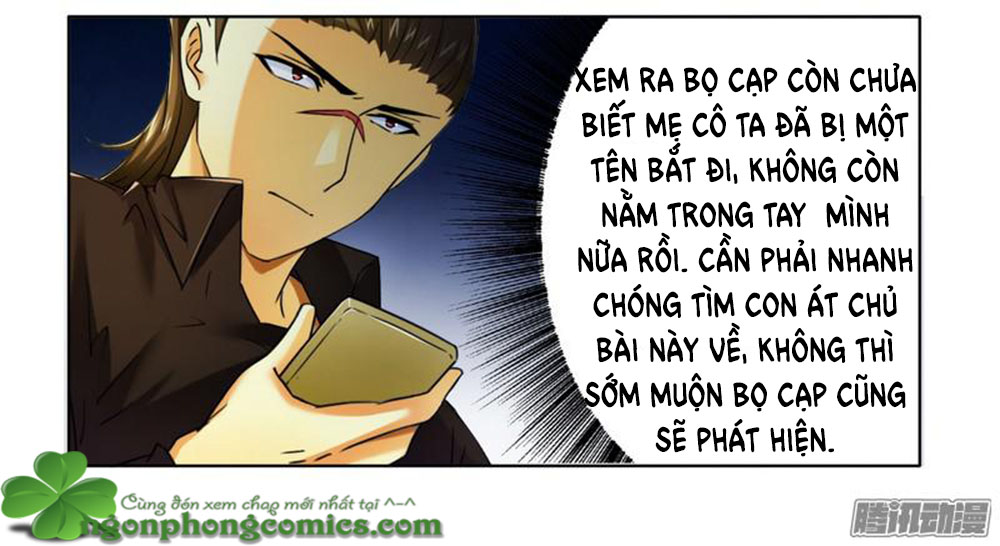 phúc hắc tổng tài đừng tới đây chapter 14 30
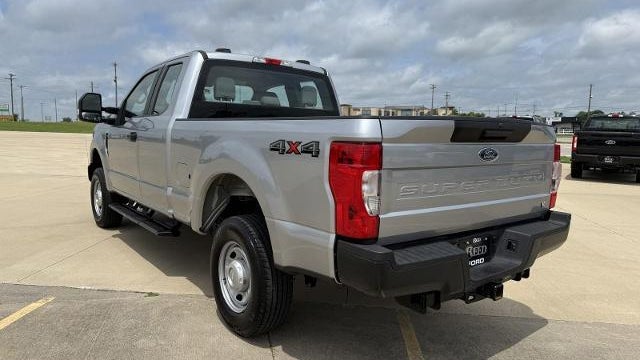 2022 Ford F-250 Super Duty Lariat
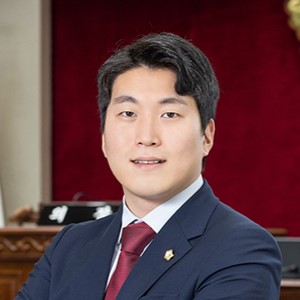 강서구의회 김민석 의원 사진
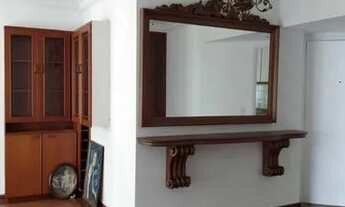 Imagem 4: Apartamento com 3 dormitórios para alugar, 90 m² por R$ 3.320,00/mês - Botafogo - Campinas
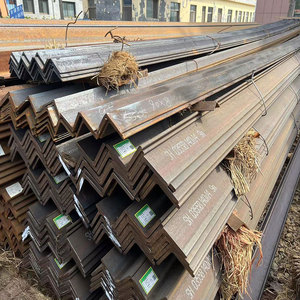 Approvisionnement d'usine Q235B Q345B Q420C Q460C SS40 profil en acier poutre en h - Product Image 4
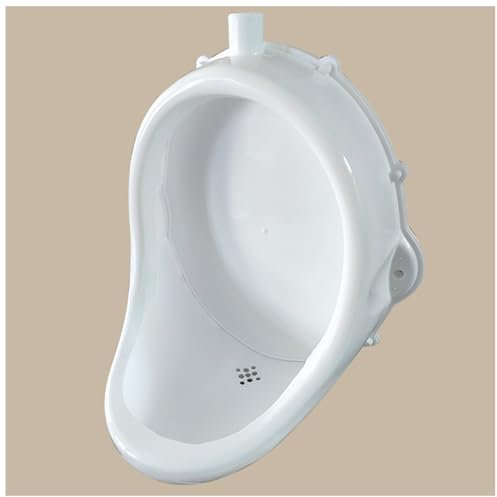 Urinoir sans Eau avec Tuyau, urinoirs muraux en Plastique, urinoirs commerciaux, urinoir Universel à Haute efficacité, inverseur d'urine de Toilettes extérieures, urinoir temporaire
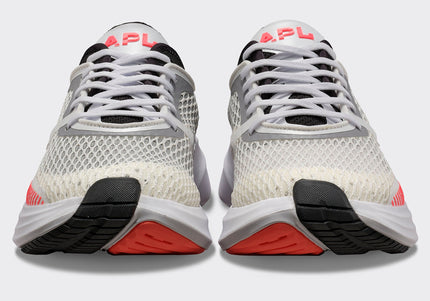 Women's Euphoria White / Black / Laser Red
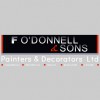 F O'Donnell & Sons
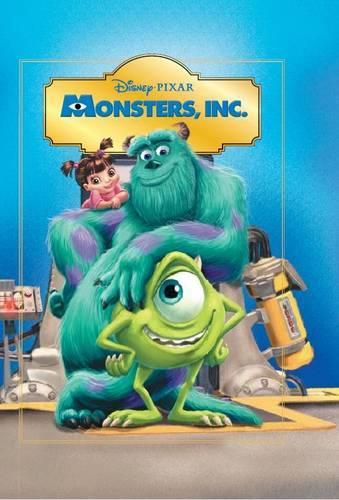 Monsters, Inc.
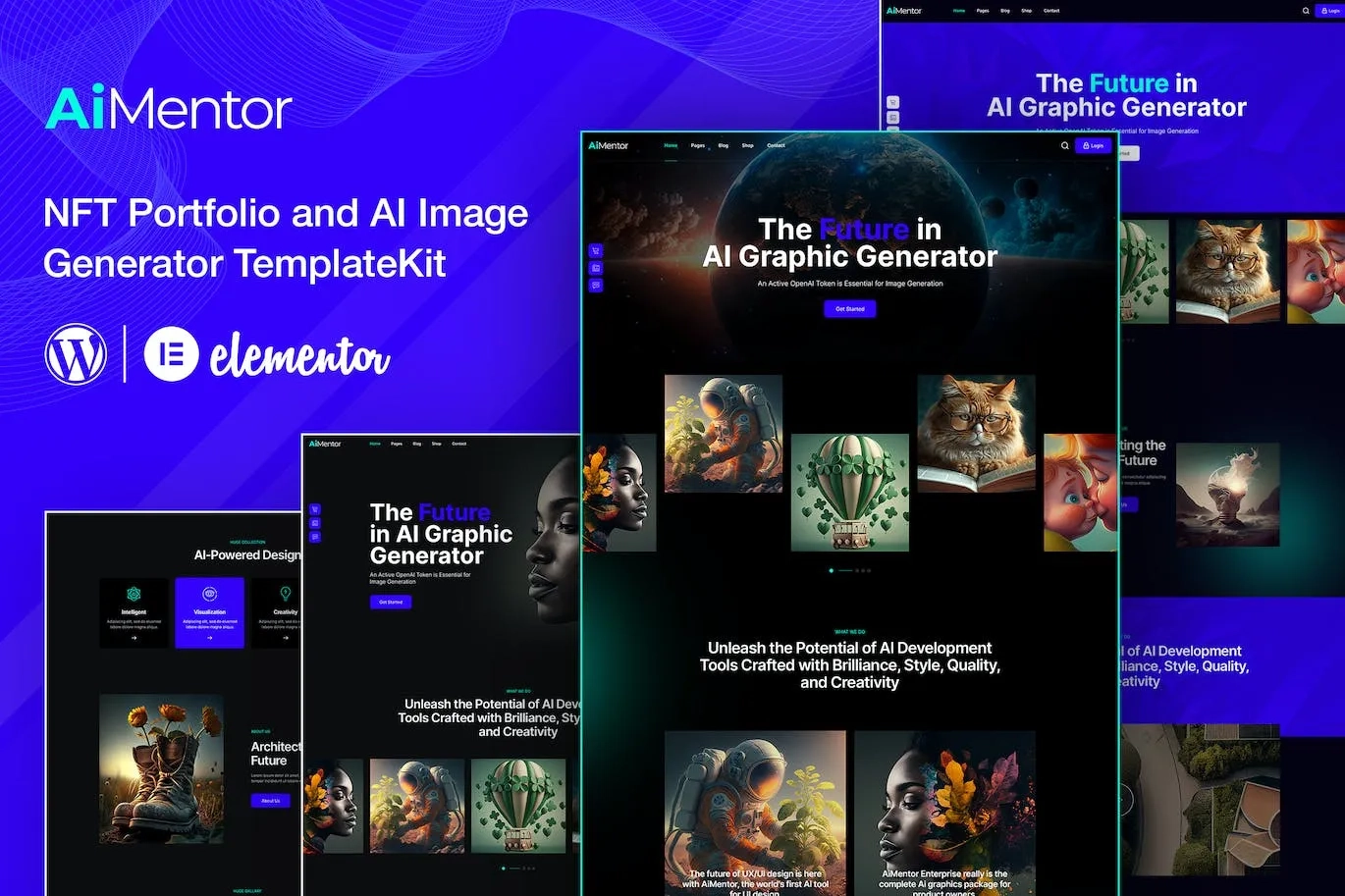 Aimentor Ai Image Generator Website Elementor Template Kit 98 1698735651 1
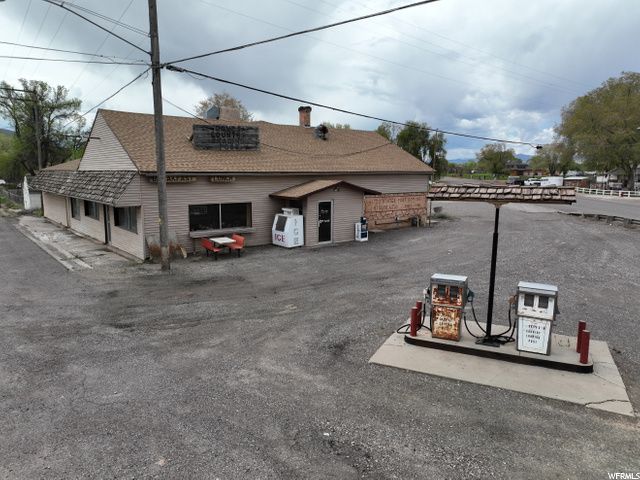 20 S STATE ST, Sigurd, UT 84657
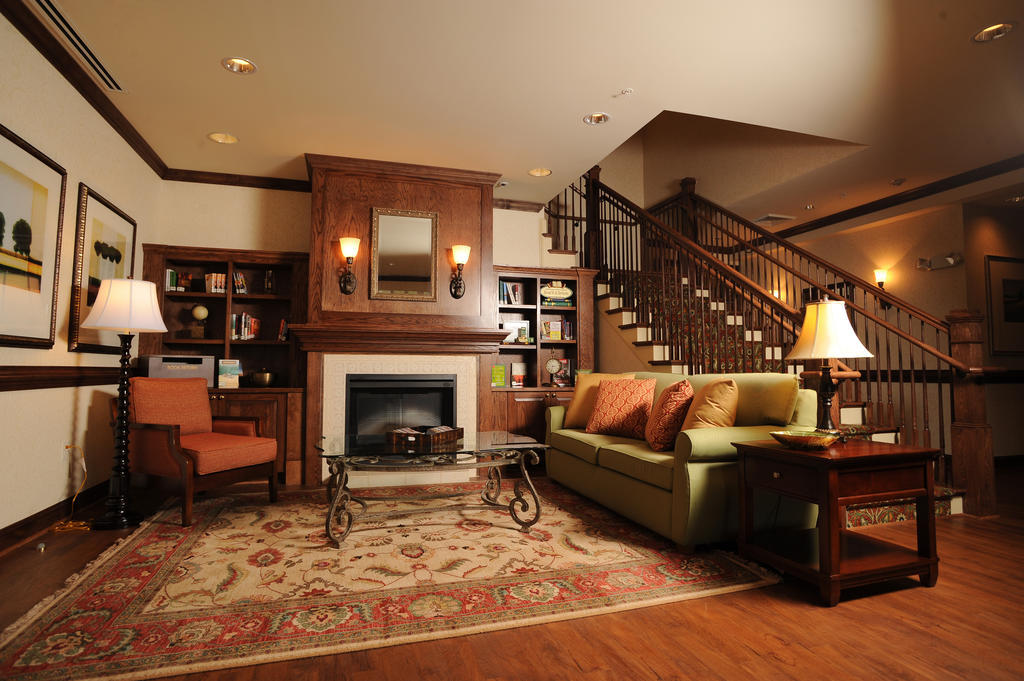 Country Inn & Suites By Radisson, Concord Interior photo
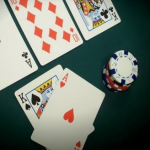 Playing Online Slots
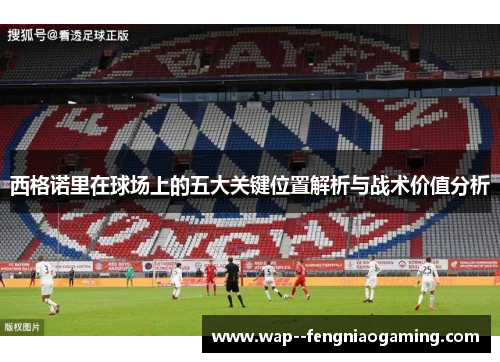 西格诺里在球场上的五大关键位置解析与战术价值分析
::::::
> [PROMPT]:
Your task is to copy the entries in full and exactly, without any images.

> [ANSWER SECTION]:
 phúc hắc tổng tài đừng tới đây chapter 14 30
 2022 Ford F-250 Super Duty Lariat
 강서구의회 김민석 의원 사진
 Imagem 4: Apartamento com 3 dormitórios para alugar, 90 m² por R$ 3.320,00/mês - Botafogo - Campinas
 Approvisionnement d'usine Q235B Q345B Q420C Q460C SS40 profil en acier poutre en h - Product Image 4
 Urinoir sans Eau avec Tuyau, urinoirs muraux en Plastique, urinoirs commerciaux, urinoir Universel à Haute efficacité, inverseur d'urine de Toilettes extérieures, urinoir temporaire
 Women's Euphoria White / Black / Laser Red
 F O'Donnell & Sons
 Monsters, Inc.
 Aimentor Ai Image Generator Website Elementor Template Kit 98 1698735651 1
 20 S STATE ST, Sigurd, UT 84657
 Country Inn & Suites By Radisson, Concord Interior photo
 Playing Online Slots
 西格诺里在球场上的五大关键位置解析与战术价值分析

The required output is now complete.